Benjamin John Pimlott Federal Bar Association, known as Ben Pimlott, was a British historian of the post-war period in Britain.
Education
Educated at Rokeby School, at the time in Wimbledon, Marlborough College and Worcester College, Oxford, where he took a degree in Philosophy, Politics and Economics and a Bachelor of Philosophy in politics. In 1970, he was appointed as a lecturer in the politics department of the University of Newcastle, where he also took his Doctor of Philosophy.
Career
He made a substantial contribution to the literary genre of political biography. In the February 1974 General Election, Pimlott contested Arundel on behalf of the Labour Party, and Cleveland and Whitby the following October.
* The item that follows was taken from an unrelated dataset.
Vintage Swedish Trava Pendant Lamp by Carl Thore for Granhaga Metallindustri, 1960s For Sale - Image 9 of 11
Having lost on both occasions, he also contested the 1979 election, after which he left the North East to take up a research post at the London School of Economics, moving to a lectureship at Birkbeck College, London in 1981.
Many of Pimlott"s theses have stood the test of time, even if they were marginally controversial when originally published.
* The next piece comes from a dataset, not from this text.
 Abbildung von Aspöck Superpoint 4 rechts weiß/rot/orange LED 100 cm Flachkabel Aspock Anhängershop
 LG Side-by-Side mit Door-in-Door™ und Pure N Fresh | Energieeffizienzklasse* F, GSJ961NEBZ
His studies of the 1930s Labour left, the life of Harold Wilson and the constitutional effect of the monarchy in post-war Britain are said to have made his reputation as a biographer and even bestowed some additional credibility upon the subjects, all of which have received critical accounts under the pen of others Pimlott sincerely believed and argued consistently that the post-war consensus in British politics was a veritable red-herring.
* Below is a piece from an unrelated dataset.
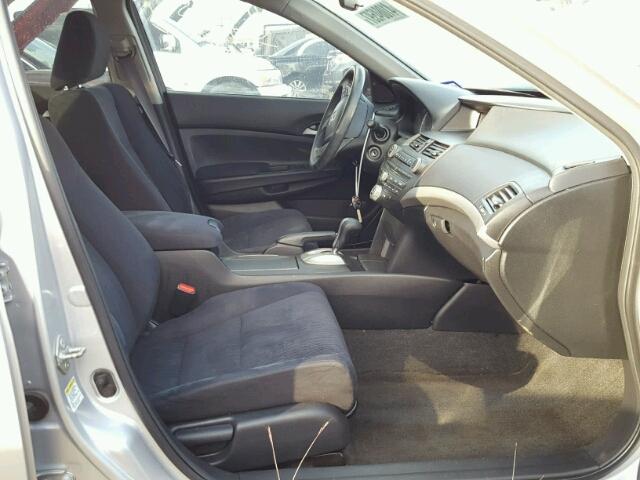 1HGCP2F38CA103818 - 2012 HONDA ACCORD LX SILVER photo 5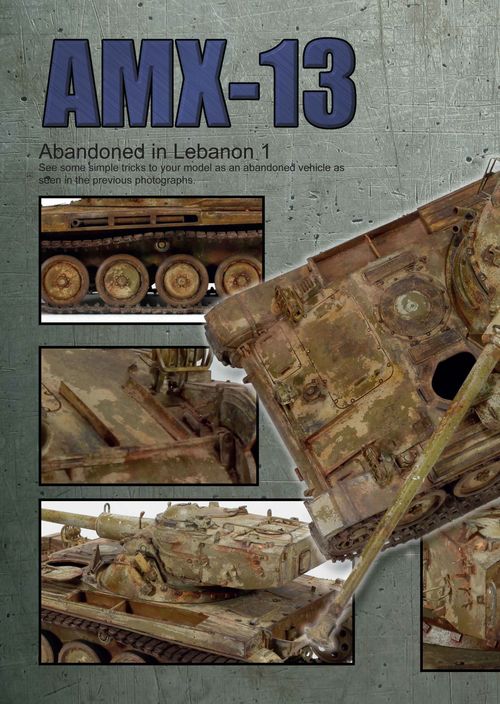 10004 Blue steel 5 AMX-13 abandoned in Lebanon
At the time of his death from leukemia in 2004, he was Warden of Goldsmiths, University of London (since 1998). In 2005 the college named a major new Will Alsop-designed building on its New Cross site in his honour and also the same year the Fabian Society and The Guardian inaugurated the first annual Ben Pimlott Prize for Political.
Politics
His other books include Labour And The Left In The 1930s (1977), The Trade Unions In British Politics (with Chris Cook, 1982), Fabian Essays In Socialist Thought (1984), The Alternative (with Tony Wright and Tony Flower, 1990), Frustrate Their Knavish Tricks (1994) and Governing London (with Nirmala Rao, 2002).